Below are lines of data; restate word for word those running from the line containing "Patchwork Pu Leather" to the line containing "Sterling Silver &", inclusive, and no others.

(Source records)
►

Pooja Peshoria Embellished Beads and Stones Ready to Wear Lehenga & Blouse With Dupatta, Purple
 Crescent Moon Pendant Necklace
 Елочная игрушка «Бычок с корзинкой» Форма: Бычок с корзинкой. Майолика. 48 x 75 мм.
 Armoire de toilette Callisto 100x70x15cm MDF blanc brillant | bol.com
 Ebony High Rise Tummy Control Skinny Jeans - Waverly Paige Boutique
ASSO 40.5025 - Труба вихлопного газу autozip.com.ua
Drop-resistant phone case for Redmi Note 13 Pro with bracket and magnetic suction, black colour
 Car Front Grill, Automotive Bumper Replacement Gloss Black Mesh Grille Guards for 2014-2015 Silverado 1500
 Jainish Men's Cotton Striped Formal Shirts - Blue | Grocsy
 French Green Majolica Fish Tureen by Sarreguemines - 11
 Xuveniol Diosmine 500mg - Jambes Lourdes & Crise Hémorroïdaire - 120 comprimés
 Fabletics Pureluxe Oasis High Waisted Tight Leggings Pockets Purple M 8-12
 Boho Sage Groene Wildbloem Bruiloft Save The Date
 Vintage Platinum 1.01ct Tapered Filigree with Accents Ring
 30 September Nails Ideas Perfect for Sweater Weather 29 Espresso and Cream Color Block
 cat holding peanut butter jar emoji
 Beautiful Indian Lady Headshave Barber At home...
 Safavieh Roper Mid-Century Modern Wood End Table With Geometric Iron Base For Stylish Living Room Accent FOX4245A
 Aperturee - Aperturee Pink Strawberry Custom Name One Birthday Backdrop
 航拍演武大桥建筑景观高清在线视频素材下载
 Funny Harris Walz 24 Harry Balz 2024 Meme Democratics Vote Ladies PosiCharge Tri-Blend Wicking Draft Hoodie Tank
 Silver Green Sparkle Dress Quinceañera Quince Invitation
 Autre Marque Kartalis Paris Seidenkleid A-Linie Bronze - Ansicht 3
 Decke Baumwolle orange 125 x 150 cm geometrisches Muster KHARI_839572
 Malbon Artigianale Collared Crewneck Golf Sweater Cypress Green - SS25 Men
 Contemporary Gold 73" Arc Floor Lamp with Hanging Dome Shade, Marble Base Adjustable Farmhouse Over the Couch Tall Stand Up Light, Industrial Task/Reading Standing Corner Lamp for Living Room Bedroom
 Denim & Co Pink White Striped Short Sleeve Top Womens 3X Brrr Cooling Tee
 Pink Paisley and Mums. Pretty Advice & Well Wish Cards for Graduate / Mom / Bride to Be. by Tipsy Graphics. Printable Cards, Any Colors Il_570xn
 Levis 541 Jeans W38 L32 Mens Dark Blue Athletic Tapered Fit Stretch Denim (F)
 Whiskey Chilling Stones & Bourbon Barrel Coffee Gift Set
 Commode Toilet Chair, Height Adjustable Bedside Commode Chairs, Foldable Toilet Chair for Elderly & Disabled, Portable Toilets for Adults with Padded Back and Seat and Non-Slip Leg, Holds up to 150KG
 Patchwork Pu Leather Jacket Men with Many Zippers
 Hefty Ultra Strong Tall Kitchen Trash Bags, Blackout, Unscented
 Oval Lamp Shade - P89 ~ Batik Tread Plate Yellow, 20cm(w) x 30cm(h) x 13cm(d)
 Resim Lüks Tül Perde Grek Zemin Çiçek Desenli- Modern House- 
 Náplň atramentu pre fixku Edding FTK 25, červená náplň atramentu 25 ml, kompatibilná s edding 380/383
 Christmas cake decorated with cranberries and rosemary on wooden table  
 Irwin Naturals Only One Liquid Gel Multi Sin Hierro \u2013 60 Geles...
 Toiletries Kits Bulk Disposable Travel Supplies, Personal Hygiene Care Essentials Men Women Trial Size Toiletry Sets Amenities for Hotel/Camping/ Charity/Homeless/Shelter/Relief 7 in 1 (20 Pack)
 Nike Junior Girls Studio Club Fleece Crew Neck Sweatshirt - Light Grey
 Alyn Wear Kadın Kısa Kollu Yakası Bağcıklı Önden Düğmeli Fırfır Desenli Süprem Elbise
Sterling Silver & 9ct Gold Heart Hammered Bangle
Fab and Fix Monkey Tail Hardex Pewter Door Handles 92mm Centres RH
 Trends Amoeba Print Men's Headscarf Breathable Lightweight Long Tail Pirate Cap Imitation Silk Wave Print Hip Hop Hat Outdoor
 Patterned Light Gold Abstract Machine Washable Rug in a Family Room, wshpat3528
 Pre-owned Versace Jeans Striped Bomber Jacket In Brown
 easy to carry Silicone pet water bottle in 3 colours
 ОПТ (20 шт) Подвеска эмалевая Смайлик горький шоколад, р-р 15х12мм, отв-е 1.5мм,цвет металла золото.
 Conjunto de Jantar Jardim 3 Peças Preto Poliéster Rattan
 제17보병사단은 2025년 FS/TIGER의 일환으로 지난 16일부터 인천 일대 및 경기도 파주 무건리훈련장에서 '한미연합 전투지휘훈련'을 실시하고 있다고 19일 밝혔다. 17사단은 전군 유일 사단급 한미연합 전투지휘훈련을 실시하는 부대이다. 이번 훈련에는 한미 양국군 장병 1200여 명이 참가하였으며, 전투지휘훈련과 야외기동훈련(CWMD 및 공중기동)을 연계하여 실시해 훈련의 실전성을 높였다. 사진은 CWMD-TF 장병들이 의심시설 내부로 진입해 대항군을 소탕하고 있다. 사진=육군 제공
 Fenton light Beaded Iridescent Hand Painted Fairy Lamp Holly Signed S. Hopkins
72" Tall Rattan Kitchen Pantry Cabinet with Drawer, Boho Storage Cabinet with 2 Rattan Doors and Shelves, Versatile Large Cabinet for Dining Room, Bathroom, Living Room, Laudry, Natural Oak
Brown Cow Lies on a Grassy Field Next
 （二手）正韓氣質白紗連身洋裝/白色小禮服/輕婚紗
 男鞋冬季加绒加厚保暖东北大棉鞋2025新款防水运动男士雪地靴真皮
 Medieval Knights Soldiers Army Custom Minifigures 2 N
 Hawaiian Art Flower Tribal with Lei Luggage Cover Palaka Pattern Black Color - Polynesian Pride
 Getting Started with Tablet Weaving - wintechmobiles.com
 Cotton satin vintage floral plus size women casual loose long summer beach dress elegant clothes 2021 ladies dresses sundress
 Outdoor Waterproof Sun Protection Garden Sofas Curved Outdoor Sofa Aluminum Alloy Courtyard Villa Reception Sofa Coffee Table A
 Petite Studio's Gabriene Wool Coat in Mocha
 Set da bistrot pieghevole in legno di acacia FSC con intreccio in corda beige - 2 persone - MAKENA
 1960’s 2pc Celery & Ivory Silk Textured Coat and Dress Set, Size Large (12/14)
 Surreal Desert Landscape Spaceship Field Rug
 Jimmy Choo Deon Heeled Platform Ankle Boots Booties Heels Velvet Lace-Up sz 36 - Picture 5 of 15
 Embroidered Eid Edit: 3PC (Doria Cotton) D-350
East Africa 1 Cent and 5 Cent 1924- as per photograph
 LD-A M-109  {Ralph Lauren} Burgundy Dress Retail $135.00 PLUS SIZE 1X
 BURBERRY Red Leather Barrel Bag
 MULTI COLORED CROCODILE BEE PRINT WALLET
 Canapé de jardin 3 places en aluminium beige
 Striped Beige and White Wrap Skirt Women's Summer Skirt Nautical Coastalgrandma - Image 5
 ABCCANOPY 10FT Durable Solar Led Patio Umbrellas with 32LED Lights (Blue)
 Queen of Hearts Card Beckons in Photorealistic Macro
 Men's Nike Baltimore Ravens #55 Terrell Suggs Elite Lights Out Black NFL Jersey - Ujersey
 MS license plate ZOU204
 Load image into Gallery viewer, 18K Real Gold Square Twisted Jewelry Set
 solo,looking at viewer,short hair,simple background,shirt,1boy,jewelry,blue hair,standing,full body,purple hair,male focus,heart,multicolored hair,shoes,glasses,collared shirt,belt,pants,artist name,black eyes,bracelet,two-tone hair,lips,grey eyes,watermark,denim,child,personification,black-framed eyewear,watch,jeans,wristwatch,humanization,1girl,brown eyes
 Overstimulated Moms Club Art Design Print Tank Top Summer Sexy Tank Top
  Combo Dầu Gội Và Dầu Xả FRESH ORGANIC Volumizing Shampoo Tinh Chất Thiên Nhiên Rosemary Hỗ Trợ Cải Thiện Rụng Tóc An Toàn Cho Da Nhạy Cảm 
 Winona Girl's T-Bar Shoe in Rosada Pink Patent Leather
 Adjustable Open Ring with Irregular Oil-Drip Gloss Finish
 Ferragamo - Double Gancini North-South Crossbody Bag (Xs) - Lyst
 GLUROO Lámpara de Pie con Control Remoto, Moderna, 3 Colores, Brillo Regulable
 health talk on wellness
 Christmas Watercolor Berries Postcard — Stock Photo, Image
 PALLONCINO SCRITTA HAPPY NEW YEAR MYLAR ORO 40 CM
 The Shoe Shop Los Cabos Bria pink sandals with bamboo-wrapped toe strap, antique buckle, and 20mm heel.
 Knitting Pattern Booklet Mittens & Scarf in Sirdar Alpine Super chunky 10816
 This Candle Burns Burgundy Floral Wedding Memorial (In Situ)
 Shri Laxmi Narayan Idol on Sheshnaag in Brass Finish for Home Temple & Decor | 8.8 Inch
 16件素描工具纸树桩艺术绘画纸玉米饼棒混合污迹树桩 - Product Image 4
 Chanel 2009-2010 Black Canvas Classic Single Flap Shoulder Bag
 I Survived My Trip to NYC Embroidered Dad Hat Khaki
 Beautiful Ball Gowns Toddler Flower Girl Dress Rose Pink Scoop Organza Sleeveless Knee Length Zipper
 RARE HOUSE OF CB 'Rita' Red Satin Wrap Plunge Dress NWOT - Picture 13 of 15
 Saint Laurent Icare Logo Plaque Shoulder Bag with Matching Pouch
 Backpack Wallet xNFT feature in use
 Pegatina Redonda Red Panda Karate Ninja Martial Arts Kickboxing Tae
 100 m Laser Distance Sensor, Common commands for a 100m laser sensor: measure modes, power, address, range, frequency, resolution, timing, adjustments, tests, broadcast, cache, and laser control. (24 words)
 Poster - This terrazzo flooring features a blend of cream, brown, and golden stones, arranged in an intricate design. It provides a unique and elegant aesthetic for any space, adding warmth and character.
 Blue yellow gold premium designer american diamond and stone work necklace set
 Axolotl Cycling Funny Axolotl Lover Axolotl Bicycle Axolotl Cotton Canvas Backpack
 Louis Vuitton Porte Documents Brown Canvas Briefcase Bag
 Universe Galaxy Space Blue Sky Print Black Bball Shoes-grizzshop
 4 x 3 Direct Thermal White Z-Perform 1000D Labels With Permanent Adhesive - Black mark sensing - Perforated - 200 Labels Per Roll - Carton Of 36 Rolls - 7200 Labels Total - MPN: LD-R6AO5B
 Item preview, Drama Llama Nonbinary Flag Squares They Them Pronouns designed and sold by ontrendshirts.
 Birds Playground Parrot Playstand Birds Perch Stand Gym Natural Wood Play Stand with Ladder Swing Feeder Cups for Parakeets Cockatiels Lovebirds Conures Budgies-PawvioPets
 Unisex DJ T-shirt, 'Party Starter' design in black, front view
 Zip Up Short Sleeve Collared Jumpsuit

◄

■ **RESPONSE FOR THIS EXERCISE**:
 Patchwork Pu Leather Jacket Men with Many Zippers
 Hefty Ultra Strong Tall Kitchen Trash Bags, Blackout, Unscented
 Oval Lamp Shade - P89 ~ Batik Tread Plate Yellow, 20cm(w) x 30cm(h) x 13cm(d)
 Resim Lüks Tül Perde Grek Zemin Çiçek Desenli- Modern House- 
 Náplň atramentu pre fixku Edding FTK 25, červená náplň atramentu 25 ml, kompatibilná s edding 380/383
 Christmas cake decorated with cranberries and rosemary on wooden table  
 Irwin Naturals Only One Liquid Gel Multi Sin Hierro \u2013 60 Geles...
 Toiletries Kits Bulk Disposable Travel Supplies, Personal Hygiene Care Essentials Men Women Trial Size Toiletry Sets Amenities for Hotel/Camping/ Charity/Homeless/Shelter/Relief 7 in 1 (20 Pack)
 Nike Junior Girls Studio Club Fleece Crew Neck Sweatshirt - Light Grey
 Alyn Wear Kadın Kısa Kollu Yakası Bağcıklı Önden Düğmeli Fırfır Desenli Süprem Elbise
Sterling Silver & 9ct Gold Heart Hammered Bangle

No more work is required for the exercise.